[Information shown]
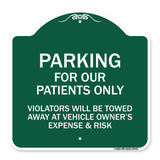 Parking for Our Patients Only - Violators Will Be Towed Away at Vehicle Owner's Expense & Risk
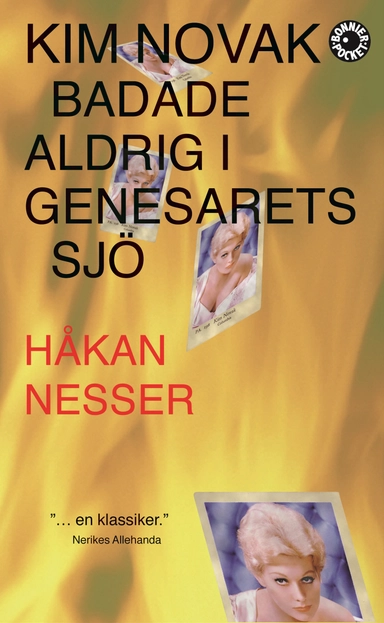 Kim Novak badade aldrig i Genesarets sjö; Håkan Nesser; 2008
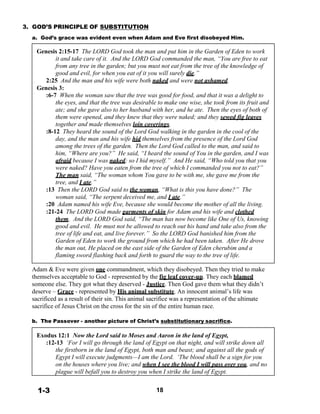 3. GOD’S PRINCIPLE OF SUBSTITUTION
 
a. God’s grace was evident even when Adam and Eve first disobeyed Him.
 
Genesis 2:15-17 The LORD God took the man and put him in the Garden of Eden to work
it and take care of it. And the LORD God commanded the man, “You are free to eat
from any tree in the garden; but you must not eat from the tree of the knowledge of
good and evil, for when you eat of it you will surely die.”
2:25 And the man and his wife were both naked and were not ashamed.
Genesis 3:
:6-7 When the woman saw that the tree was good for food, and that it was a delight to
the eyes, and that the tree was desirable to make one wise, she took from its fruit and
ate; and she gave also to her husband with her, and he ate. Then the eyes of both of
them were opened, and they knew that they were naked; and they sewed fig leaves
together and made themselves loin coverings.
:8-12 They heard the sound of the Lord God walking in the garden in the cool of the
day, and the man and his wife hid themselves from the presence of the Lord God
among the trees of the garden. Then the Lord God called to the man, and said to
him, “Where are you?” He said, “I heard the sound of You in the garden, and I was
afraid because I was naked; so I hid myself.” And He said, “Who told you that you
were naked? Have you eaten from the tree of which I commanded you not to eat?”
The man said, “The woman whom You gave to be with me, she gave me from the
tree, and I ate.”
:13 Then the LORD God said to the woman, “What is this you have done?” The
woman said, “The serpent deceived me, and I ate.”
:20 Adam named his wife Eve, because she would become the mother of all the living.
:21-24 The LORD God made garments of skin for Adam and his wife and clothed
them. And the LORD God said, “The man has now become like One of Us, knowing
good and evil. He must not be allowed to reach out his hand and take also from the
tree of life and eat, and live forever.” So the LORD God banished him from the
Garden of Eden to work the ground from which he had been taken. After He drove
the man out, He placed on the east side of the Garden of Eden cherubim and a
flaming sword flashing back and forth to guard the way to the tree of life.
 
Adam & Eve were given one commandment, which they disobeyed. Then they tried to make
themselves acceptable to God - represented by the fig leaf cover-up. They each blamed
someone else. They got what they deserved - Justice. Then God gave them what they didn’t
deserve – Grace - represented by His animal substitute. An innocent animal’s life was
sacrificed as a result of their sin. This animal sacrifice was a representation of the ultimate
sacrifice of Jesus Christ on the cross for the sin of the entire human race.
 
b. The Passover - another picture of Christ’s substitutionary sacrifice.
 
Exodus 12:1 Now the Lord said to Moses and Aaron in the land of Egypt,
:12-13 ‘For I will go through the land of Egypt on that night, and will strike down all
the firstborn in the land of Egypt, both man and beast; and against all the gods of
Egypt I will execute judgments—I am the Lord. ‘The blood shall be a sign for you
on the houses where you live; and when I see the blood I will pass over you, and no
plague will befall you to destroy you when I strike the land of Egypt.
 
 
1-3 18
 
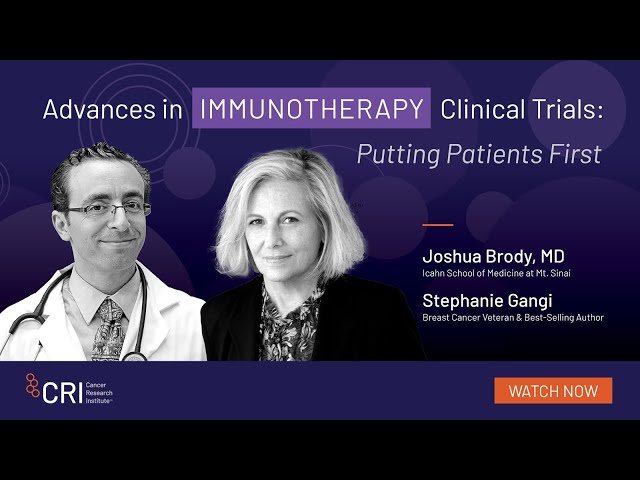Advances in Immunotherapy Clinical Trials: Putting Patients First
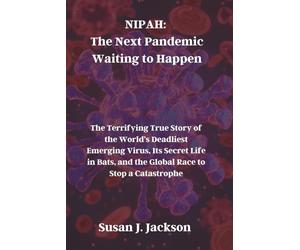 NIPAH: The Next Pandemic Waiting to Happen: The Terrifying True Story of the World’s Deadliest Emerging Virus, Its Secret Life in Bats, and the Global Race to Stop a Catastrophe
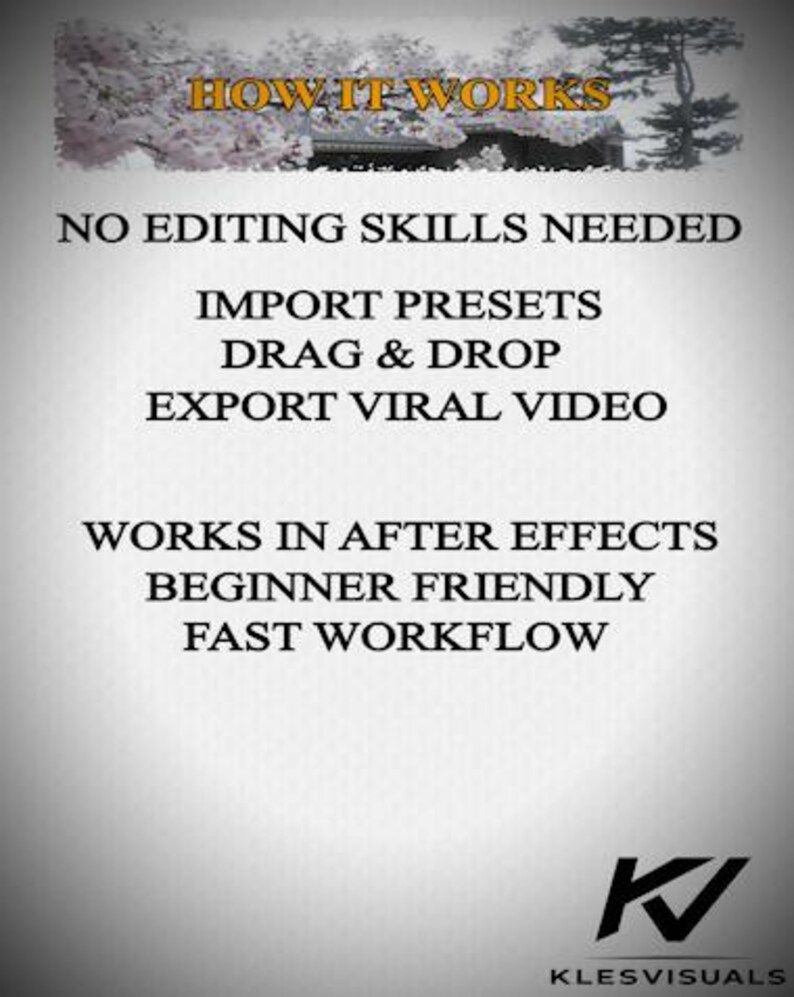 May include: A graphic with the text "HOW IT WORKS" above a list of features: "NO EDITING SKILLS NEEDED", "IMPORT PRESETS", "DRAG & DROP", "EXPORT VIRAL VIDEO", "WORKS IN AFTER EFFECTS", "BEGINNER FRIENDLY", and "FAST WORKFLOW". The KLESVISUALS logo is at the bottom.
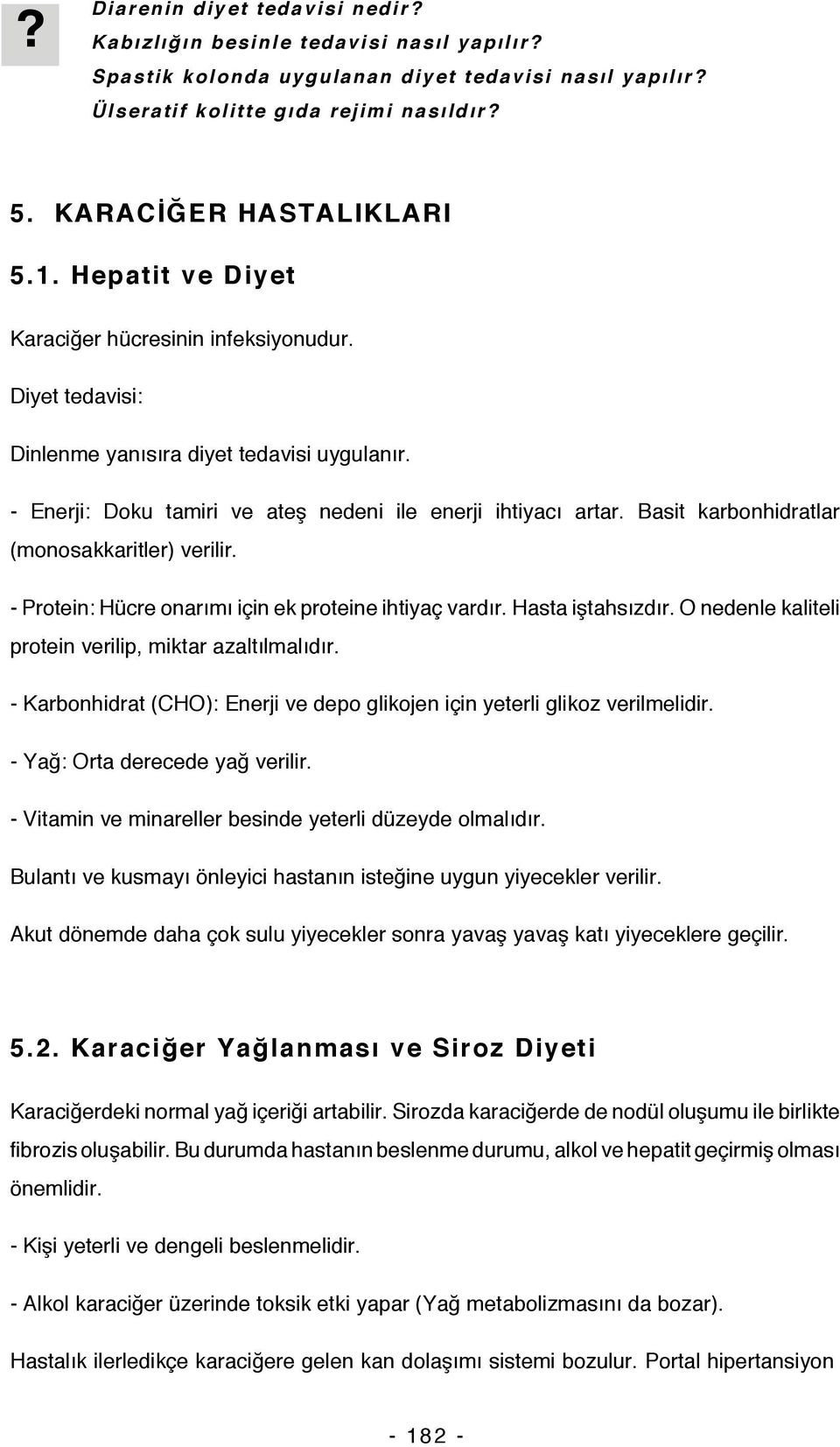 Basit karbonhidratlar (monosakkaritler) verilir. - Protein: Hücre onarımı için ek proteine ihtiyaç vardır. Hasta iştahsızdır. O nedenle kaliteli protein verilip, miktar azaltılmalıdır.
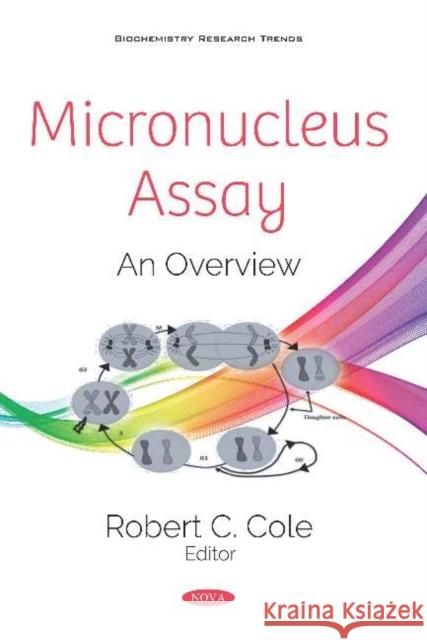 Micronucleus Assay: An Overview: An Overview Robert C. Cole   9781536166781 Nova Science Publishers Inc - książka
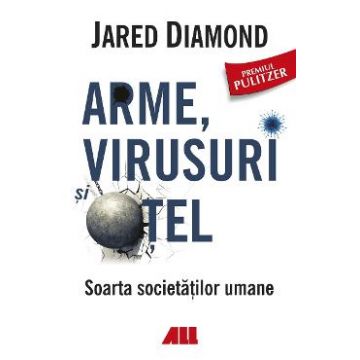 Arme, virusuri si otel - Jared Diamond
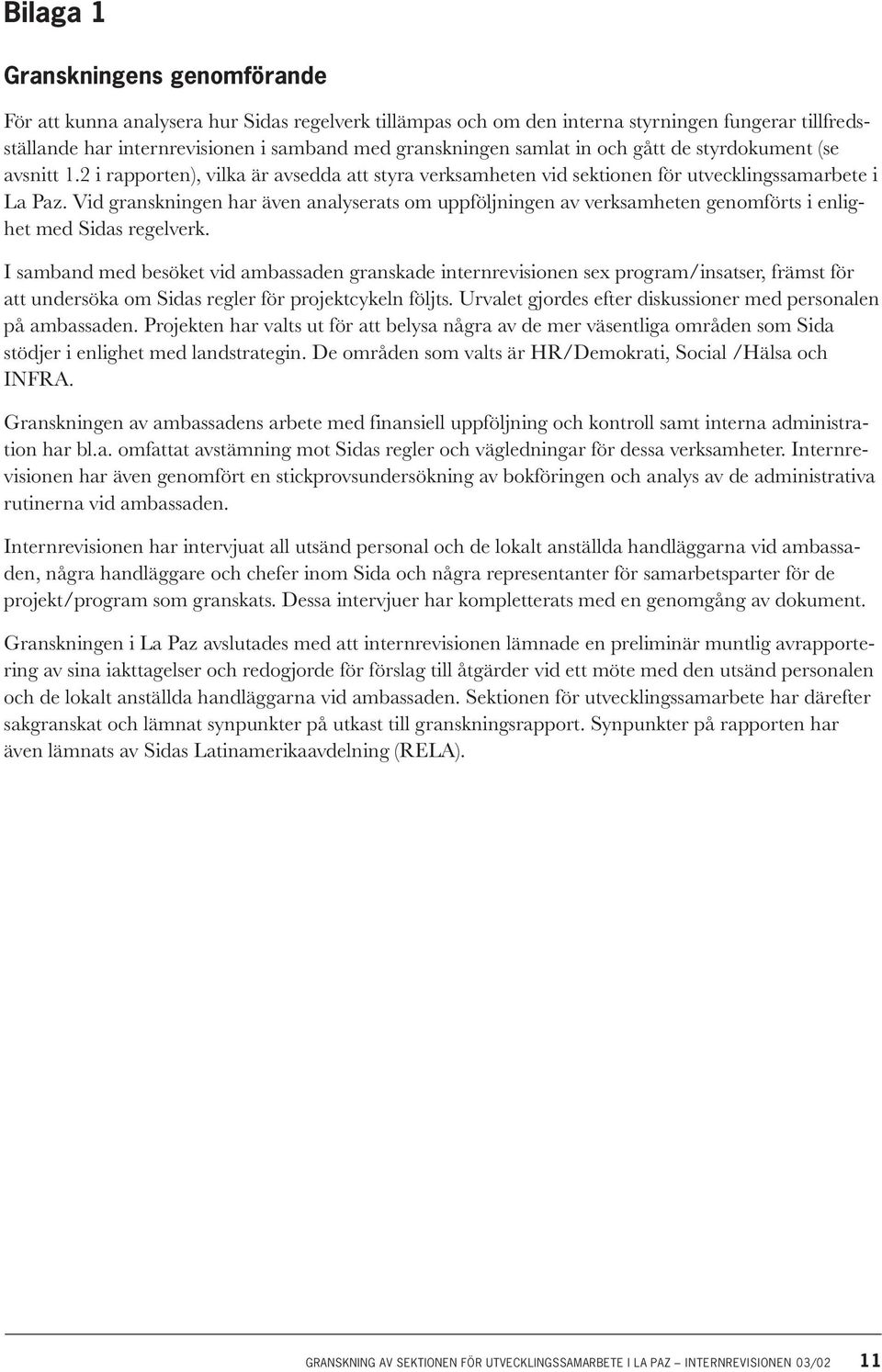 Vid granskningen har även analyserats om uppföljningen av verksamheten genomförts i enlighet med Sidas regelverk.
[/Information shown]
What this task involves: Beginning with the line above that contains "Genesis 2:15-17 The", copy each line exactly up to and including the line that contains "garden, and I was", and go no further.

Written solution:
Genesis 2:15-17 The LORD God took the man and put him in the Garden of Eden to work
it and take care of it. And the LORD God commanded the man, “You are free to eat
from any tree in the garden; but you must not eat from the tree of the knowledge of
good and evil, for when you eat of it you will surely die.”
2:25 And the man and his wife were both naked and were not ashamed.
Genesis 3:
:6-7 When the woman saw that the tree was good for food, and that it was a delight to
the eyes, and that the tree was desirable to make one wise, she took from its fruit and
ate; and she gave also to her husband with her, and he ate. Then the eyes of both of
them were opened, and they knew that they were naked; and they sewed fig leaves
together and made themselves loin coverings.
:8-12 They heard the sound of the Lord God walking in the garden in the cool of the
day, and the man and his wife hid themselves from the presence of the Lord God
among the trees of the garden. Then the Lord God called to the man, and said to
him, “Where are you?” He said, “I heard the sound of You in the garden, and I was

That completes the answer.